Last year, Homely launched a new paid Pinterest campaign, increasing spend by 30%. Over a month, platform reports show impressive attributed conversions, but website sessions from Pinterest are flat, and overall sales are within the normal weekly range. Homely's performance team isn't sure whether to scale up Pinterest further, reduce investment, or reallocate to TV or affiliates.
Conventional attribution tools won't answer the question, since too many channels interact. An incrementality tool could run a geo-holdout test, holding out paid Pinterest spend in certain regions to isolate the true incremental effect on sales, both online and offline, as measured at the business level.
How do I know if my company isn’t ready for incrementality?
If your company is early-stage, running one or two primary paid channels, and you can still track clear topline cause and effect (i.e., pulling spend down quickly registers in revenue), you don't need to overcomplicate. Platform lift testing (like Meta Conversion Lift), basic on/off tests, and watching topline trends are more cost-effective.
Similarly, brands with less than roughly $5 million annual paid spend, and relatively simple channel mixes, are often still in the "test and learn" range for basic platform tools and scrappy in-house analysis.
I’m ready for incrementality — now what?
You don’t want to jump into incrementality without knowing some best practices and mistakes to avoid. And as you begin your journey, you’ll want to establish the following:
- Organizational buy-in: Holdout testing means you won’t be showing ads to your full audience. Before you do that, you'll need organizational alignment to complete tests without prematurely switching spend or panicking over temporary conversion drops.
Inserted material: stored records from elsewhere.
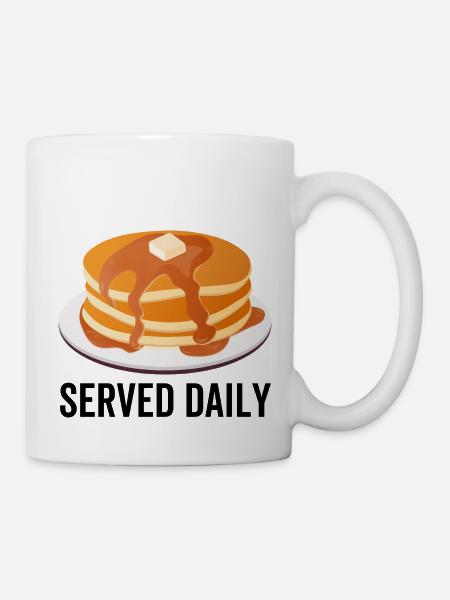 Pfannkuchen täglich serviert - Tasse - Weiß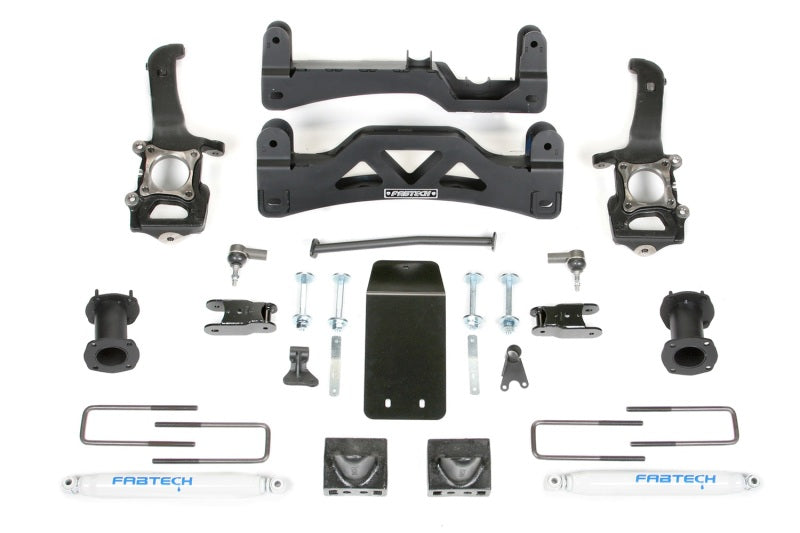 Système de base Fabtech 2014 Ford F150 4WD 6 pouces avec amortisseurs de performance
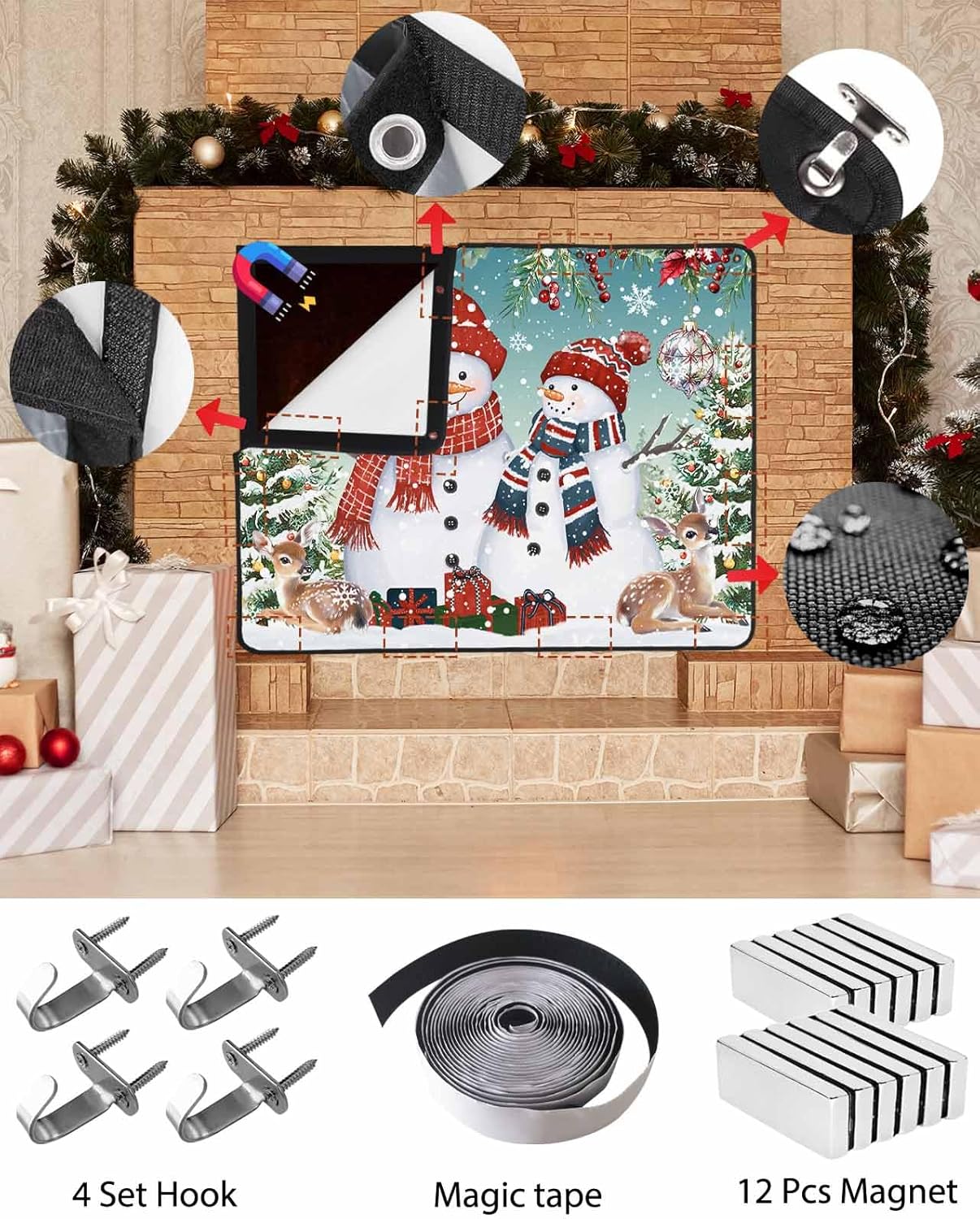 Christmas Snowman Snowflake Fireplace Screen Magnetic Fireplace Cover Fireplace Draft Cover Christmas Fireplace Screens,Save Energy Stops Heat Loss, Winter Poinsettia Xmas Balls Tree Turquoise 36"x27"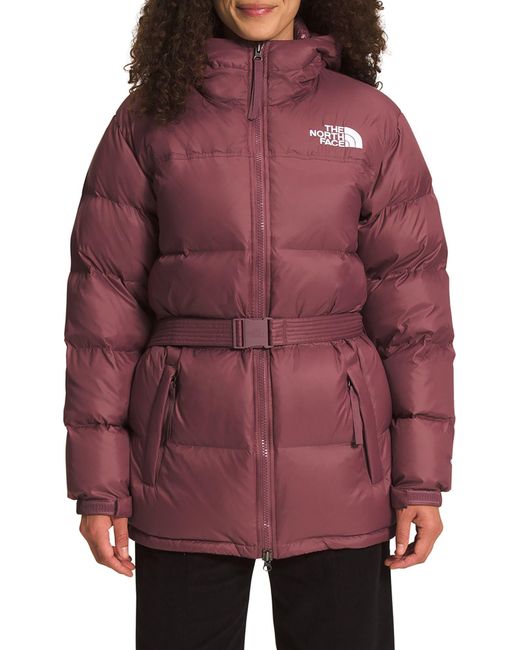 The North Face Goose Nuptse Belted Mid-length Jacket in Red | Lyst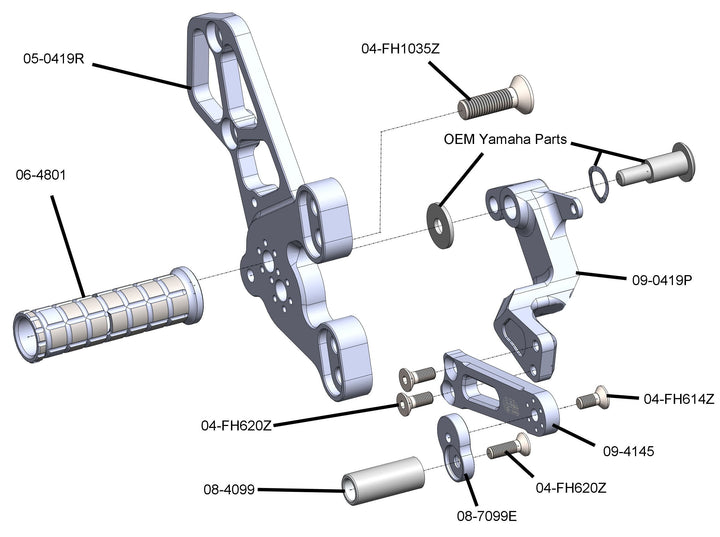 Woodcraft Yamaha MT09, XSR900 Rearset Kit, Complete W/Pedals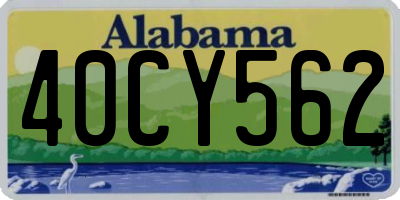 AL license plate 40CY562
- Planning cycles: To get the most from incrementality tools, brands need a mindset of structured hypothesis testing, longer planning cycles, and a willingness to iterate. A backlog of business questions and experiments, not just reactive channel tweaks, sets you up to succeed.
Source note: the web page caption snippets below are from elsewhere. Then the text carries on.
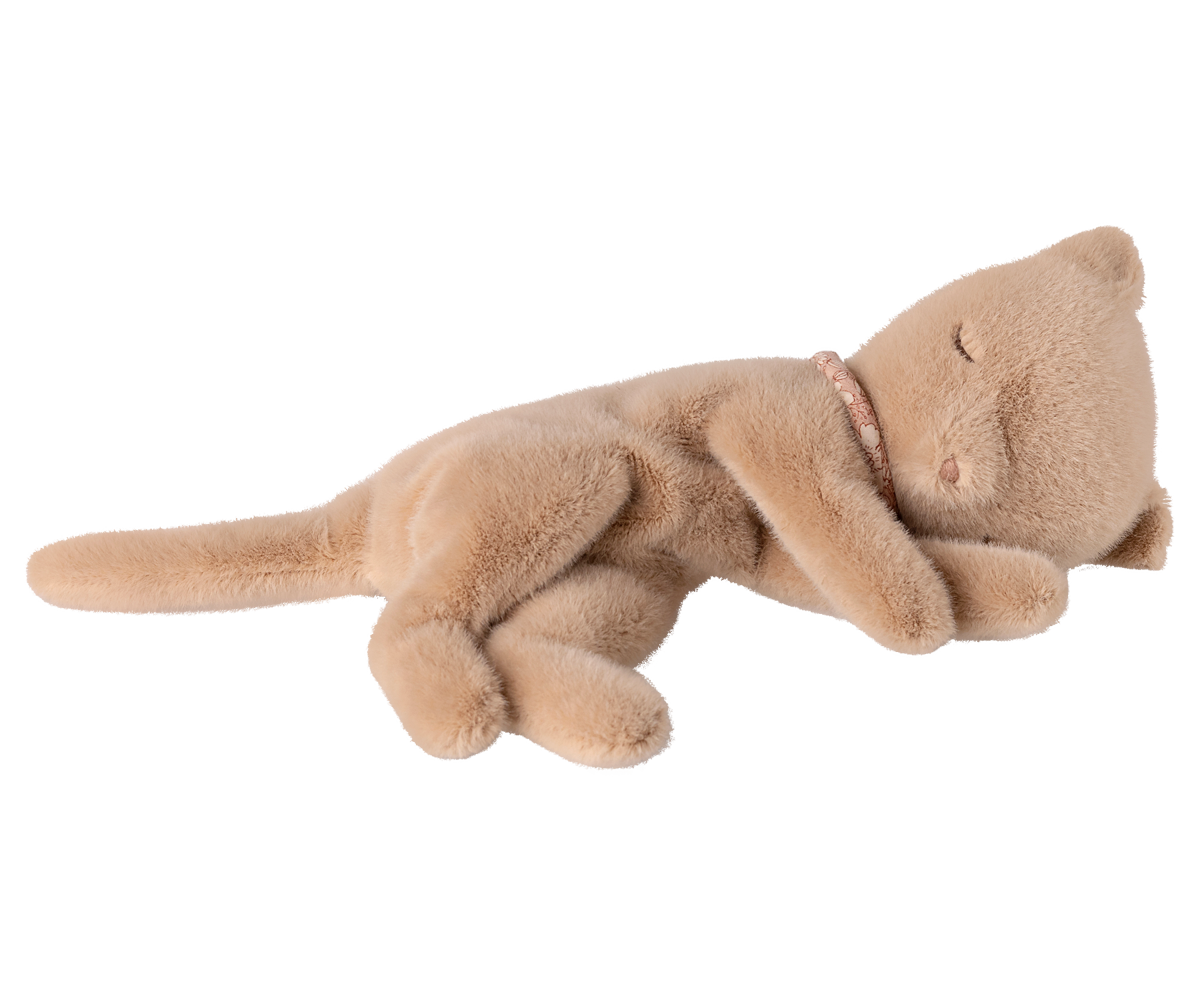 Peluche chaton endormi, Petit - Crème pêche - Maileg
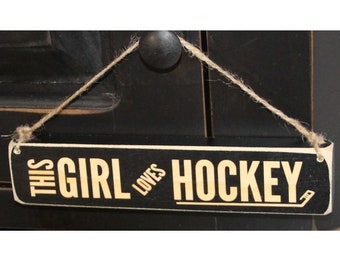 This GIRL loves HOCKEY - Photo Sign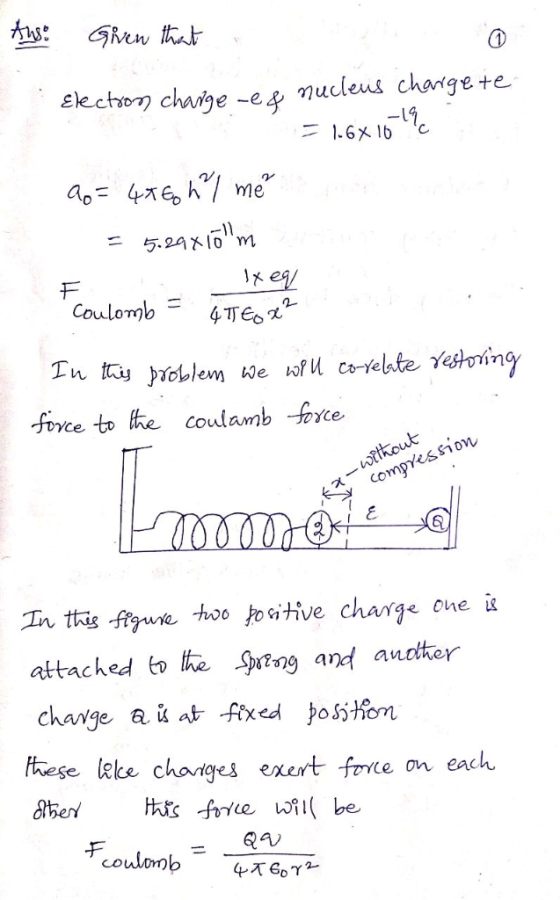 elecho?) chane-e nucleus charge+e n/ me 1x Coulomb4TE CO Tn tis fruie too ositive charge Che i attached t the yng and auoter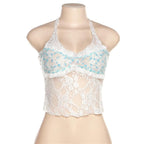 Lace ruffled see through flower low cut backless halter top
- Omnichannel footprint, even at modest scale: Brands expanding into new retailers or marketplaces sometimes need Haus-level insight even below the $10M ad spend threshold — particularly to understand newly emerging halo effects or cross-channel synergies.
What happens if you wait too long to measure incrementality?
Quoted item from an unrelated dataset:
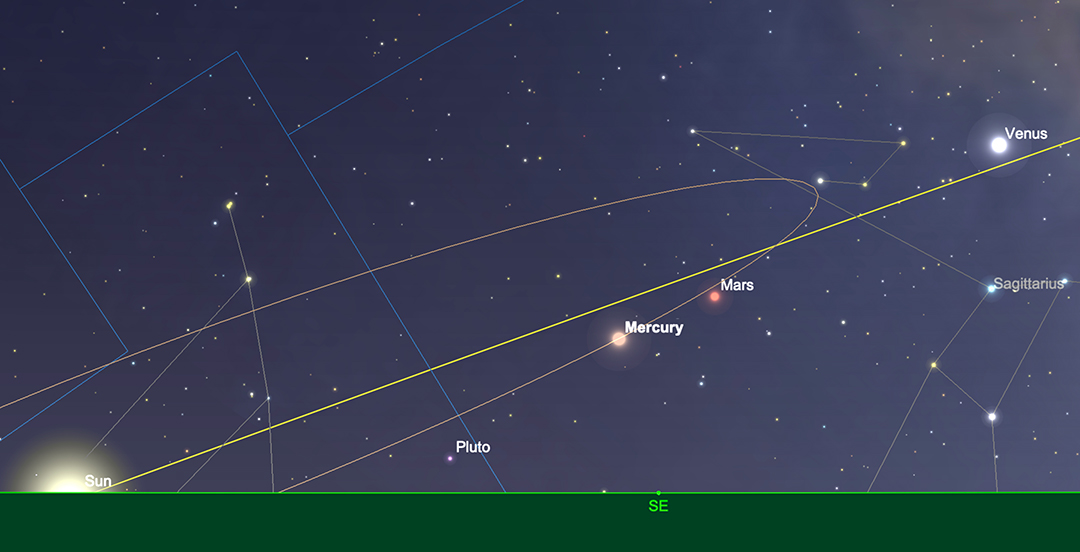 Mercury, sunrise, 1st February.  Image created with SkySafari 5 for Mac OS X, ©2010-2016 Simulation Curriculum Corp., skysafariastronomy.com. 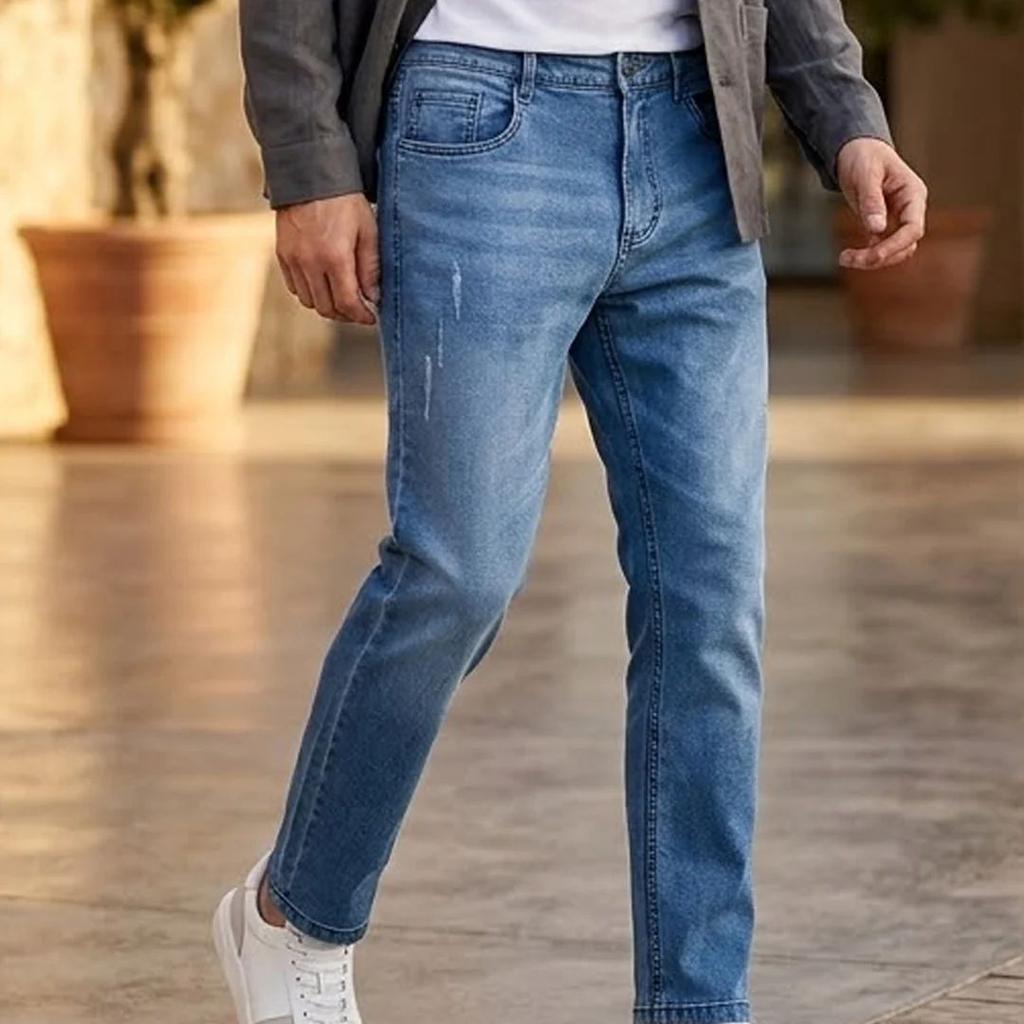 Men's Light Blue Slim Fit Mild Distressed/Torn Jeans Stretchable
Waiting too long comes with real opportunity costs. As paid marketing grows to be the biggest line item in your P&L, misattribution — whether from over-crediting platforms or failing to appreciate halo effects — can siphon hundreds of thousands (or millions) in wasted spend or underfunded expansion opportunities. Platform-reported ROAS may be overstated (especially for lower-funnel channels), and you might inadvertently pull back on "unprofitable" upper-funnel channels that are, in fact, doing crucial long-term work.
Final thoughts
Investing in tools like Haus isn't about chasing buzzwords; it's about responding to business complexity. The clearest signals for readiness include: annual paid media over $1M/month, a diversified omnichannel media and sales presence, and the inability to see direct cause and effect between spend and outcome in raw business data. At this point, the risk and return calculus changes — what you spend on these tools is minor compared to gains from smarter allocation and confidence in scaling.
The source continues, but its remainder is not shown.